0

I just read through some icinga documentation regarding the performance data collection and processing. But there are some things unclear to me right now:

  1. Writing to file/disk -> does this roll over and how?
  2. I would like to skip the disk 'buffer' and pipe directly into a post processing script that puts data into an external database. Is this possible and how? (I saw there is a pipe mode but it is not fully visible to me how this works, as most example and setups use the files). What are the risks of using pipe if db is not reachable or the data receiving process may die?
  3. Load performance on a busy box if intermediary files are used - we experienced some high load and are unsure if not pipe through would be better (except for some failure scenarios, see second question)

Thanks a lot!

ps: tagged under nagios as icinga isn't available yet and I don't have sufficient points so far ;-).

dalini
  • 176
  • 1
  • 9

1 Answers1

0

ad 1) depending on the method used, you may define a file rotation interval plus a command moving the files with their timestamp suffix. there are famous grapher addons out there, like pnp4nagios or ingraph, which describe that as their requirements - e.g. http://docs.pnp4nagios.org/pnp-0.6/config#bulk_mode_with_npcd regarding rotation by the core - you need to make sure that $something processes the performance data files - and you should monitor that processing not to end up with "filesystem full" or likewise.
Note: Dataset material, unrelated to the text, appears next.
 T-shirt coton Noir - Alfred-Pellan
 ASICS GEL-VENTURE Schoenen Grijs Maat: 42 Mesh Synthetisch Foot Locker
ad 2) directly piping data from the core to an external handler is possible by defining a command doing that - but keep in mind that this won't happen async and may block the core - your processing application needs to take the data being feed, and put it onto a queue itsself then. this might also generate a problem if the database is gone - if your handler cannot kill itsself due to a connection timeout, this will harm the overall performance of your monitoring core (yeah, that's a known problem of the 1.x architecture, which is why the spool files on disk are a better approach).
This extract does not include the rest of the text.